Material for this exercise:

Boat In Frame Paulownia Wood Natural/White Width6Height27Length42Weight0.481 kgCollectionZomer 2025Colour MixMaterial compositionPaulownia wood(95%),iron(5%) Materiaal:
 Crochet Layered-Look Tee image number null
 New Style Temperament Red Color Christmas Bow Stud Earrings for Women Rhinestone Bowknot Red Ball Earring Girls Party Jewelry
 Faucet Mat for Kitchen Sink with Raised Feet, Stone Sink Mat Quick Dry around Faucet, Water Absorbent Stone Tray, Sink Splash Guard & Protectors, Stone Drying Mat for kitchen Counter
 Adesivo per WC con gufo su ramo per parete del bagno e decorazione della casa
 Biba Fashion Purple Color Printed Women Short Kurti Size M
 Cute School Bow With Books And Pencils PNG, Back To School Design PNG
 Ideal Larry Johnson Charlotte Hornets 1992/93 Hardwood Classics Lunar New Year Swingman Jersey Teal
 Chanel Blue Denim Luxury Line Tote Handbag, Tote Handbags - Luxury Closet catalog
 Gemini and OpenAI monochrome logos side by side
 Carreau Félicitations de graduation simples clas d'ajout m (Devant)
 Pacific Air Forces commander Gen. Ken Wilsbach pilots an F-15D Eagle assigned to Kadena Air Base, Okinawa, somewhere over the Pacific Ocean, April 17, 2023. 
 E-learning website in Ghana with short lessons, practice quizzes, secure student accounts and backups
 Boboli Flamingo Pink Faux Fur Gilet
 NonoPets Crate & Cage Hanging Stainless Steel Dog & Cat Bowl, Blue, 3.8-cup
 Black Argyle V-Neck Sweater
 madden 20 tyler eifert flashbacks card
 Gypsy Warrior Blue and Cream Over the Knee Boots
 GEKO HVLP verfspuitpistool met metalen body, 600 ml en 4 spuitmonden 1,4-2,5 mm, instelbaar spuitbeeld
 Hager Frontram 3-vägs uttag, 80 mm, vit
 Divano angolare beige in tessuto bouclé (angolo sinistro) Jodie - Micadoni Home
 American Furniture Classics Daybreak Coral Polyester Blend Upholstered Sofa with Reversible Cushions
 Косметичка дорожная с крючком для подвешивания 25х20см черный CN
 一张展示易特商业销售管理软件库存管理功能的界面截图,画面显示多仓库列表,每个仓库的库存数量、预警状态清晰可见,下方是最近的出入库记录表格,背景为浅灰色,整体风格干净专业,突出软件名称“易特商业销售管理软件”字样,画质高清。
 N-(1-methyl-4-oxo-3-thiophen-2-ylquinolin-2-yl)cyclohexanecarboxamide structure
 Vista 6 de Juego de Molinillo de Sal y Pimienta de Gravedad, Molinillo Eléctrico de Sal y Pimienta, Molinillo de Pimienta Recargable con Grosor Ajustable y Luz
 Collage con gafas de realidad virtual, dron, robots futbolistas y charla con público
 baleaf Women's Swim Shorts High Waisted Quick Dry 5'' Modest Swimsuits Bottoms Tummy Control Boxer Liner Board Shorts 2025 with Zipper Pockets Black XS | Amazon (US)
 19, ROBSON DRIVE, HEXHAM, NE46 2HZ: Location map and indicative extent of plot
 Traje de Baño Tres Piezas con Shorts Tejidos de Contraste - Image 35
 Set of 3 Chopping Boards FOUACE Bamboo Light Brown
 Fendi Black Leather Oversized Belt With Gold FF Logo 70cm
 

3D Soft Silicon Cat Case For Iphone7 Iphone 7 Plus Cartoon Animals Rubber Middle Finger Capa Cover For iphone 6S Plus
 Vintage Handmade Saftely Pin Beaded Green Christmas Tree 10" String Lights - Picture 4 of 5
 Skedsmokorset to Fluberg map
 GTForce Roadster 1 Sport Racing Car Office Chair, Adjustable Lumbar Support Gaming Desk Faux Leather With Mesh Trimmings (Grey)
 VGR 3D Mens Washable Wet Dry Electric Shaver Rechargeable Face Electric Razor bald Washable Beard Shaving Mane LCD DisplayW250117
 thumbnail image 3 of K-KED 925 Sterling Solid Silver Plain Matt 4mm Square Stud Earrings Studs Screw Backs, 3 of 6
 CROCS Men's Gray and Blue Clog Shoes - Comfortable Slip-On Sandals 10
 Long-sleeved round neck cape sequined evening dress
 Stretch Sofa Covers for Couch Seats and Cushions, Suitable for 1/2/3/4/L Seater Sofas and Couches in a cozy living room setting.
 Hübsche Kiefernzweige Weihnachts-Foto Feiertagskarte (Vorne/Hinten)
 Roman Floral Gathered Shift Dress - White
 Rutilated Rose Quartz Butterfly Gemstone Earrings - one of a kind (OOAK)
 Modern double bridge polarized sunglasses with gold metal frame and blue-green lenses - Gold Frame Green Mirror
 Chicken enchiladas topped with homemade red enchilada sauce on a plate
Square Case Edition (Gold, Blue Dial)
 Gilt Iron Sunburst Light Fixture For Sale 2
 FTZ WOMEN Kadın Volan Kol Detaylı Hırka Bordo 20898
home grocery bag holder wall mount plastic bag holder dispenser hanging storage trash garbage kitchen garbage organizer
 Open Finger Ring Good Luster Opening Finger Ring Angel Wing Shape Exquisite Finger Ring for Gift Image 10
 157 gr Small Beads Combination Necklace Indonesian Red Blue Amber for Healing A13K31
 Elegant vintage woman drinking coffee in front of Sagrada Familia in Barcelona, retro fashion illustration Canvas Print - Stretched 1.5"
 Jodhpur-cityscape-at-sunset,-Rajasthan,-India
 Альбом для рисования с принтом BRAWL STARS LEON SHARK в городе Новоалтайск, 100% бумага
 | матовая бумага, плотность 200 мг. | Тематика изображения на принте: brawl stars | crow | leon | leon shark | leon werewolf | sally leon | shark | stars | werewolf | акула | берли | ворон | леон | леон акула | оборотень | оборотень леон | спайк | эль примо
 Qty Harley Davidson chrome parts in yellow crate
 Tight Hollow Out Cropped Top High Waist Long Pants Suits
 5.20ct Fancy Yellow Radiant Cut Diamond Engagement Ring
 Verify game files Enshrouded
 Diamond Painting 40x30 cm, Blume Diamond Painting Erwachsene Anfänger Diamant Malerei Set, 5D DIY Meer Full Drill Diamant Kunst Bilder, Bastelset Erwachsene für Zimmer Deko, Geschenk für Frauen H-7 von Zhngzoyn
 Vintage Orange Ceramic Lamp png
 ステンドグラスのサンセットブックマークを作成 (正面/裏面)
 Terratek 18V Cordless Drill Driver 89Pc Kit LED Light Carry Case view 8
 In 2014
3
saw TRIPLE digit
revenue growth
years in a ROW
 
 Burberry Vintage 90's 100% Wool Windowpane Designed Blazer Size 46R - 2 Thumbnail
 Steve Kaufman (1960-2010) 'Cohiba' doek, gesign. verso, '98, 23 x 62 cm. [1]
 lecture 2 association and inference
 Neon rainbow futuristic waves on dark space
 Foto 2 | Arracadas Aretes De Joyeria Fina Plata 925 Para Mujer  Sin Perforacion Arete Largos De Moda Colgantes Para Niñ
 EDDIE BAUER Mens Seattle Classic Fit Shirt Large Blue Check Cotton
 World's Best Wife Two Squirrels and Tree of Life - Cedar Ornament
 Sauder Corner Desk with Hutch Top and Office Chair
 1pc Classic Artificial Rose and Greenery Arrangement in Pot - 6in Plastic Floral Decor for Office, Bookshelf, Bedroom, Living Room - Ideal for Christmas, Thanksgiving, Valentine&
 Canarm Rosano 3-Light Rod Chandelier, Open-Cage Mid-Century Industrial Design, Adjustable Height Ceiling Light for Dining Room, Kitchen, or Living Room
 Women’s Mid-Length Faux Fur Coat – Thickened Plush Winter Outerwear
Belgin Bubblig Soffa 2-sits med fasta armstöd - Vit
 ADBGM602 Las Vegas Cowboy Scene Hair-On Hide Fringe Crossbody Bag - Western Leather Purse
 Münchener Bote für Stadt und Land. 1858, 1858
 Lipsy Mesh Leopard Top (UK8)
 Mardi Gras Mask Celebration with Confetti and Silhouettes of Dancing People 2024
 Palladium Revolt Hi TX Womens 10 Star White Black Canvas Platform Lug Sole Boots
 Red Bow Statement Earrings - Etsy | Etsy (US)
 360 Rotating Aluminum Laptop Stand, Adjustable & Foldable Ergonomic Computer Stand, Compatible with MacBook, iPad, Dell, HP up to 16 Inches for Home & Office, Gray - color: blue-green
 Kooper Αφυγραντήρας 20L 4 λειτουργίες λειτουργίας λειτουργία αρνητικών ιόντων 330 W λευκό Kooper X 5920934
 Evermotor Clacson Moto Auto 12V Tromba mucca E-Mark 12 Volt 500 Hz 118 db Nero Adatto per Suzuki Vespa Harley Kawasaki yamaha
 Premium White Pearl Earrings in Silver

What to work on:
Look through the listing, and copy each line that contains the word "Cage".

Answer section:
 NonoPets Crate & Cage Hanging Stainless Steel Dog & Cat Bowl, Blue, 3.8-cup
 Canarm Rosano 3-Light Rod Chandelier, Open-Cage Mid-Century Industrial Design, Adjustable Height Ceiling Light for Dining Room, Kitchen, or Living Room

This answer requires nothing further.